A obra-prima “Drive” (2011) se provou como uma
extraordinária exceção dentro do estilo habitual do diretor Nicolas Winding
Refn, pois era uma obra marcada por uma narrativa precisa e de formalismo
clássico que se adaptava de acordo com a marca autoral do cineasta. Nas demais
produções de sua filmografia, o dinamarquês investe numa abordagem que valoriza
muito mais o sensorial e o atmosférico do que os meandros do roteiro, vide
filmes antológicos como “O guerreiro silencioso” (2009) e “Apenas deus perdoa”
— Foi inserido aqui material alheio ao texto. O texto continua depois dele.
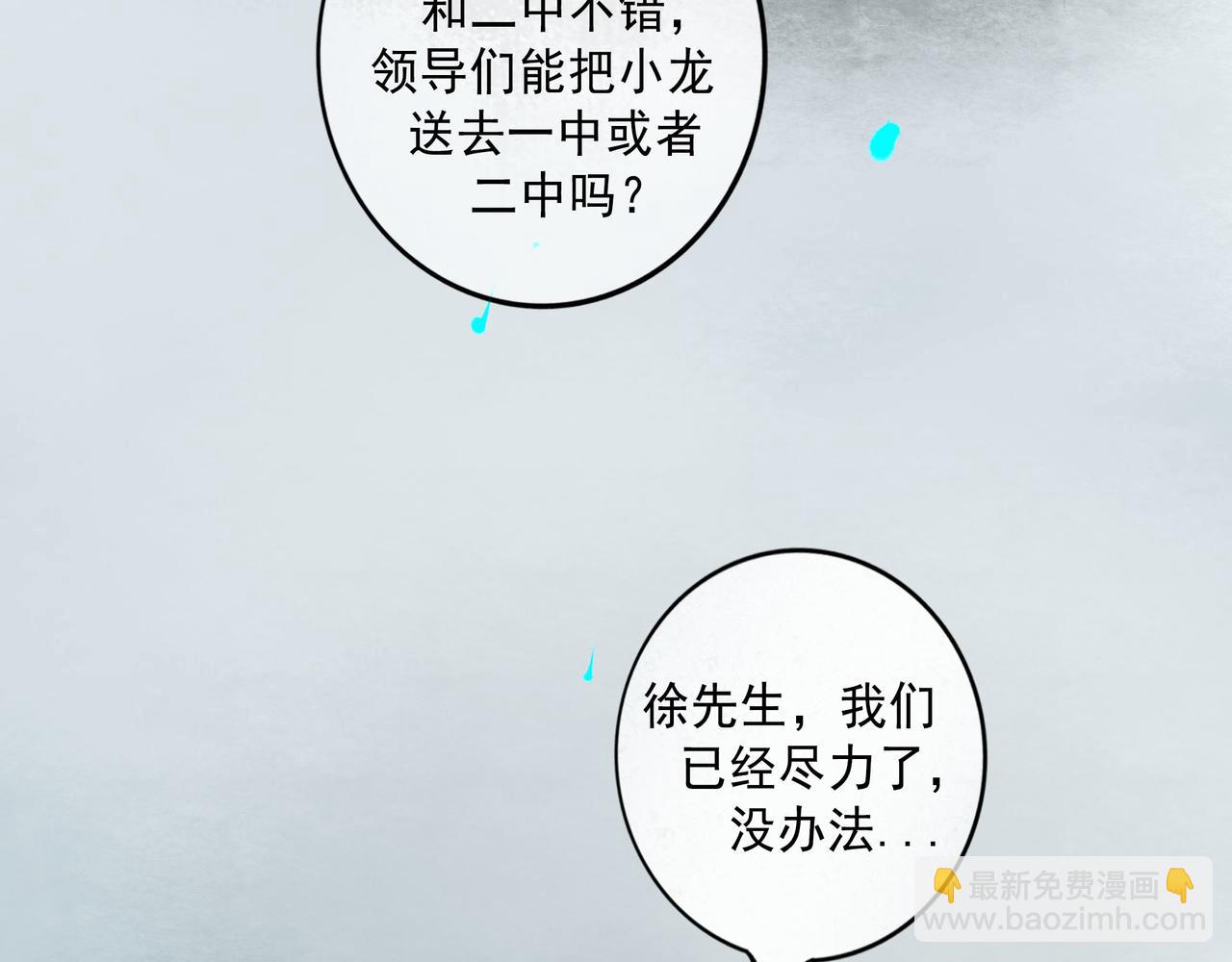110.撞破24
(2013). “Demônio de neon” (2016) é uma continuação dos preceitos artísticos de
Refn – imagine-se um conto moral às avessas sobre a beleza e a inocência
marcado por uma ambientação difusa de hedonismo, horror e delírio onírico e se
pode ter uma ideia do que representa essa estranha narrativa. As referências
visuais e temáticas são diversas e insólitas, como o horror sensual e barroco
de Mario Bava, as nuances enigmáticas de David Lynch, o realismo de corres
berrantes de algumas produções oitentistas (leia-se “O fundo do coração” e “Dublê
de corpo”). Refn amarra todas essas influências e citações dentro de uma linguagem
coesa e particular, fazendo o espectador entrar num vórtice de loucura,
violência e erotismo, ora repugnante, ora bizarramente encantador. O esmero
estético se manifesta em cada detalhe do filme e não se reduz a mero exibicionismo
técnico, revelando notável sintonia existencial com a própria natureza
misteriosa e simbolista do roteiro, conforme pode ser observado na climática trilha
sonora de temas eletrônicos, na fotografia que varia com notável desenvoltura
entre o sombrio sutil e o luminoso exagerado, na encenação de síntese desconcertante
entre o naturalismo e o estilizado, na caracterização maneirista e icônica dos
personagens. Por falar nisso, é curioso perceber que no elenco da produção está
Karl Grusman, que atuou no papel principal de “Love” (2015), de Gaspar Noé, cineasta
que é uma espécie de gêmeo criativo existencial de Refn.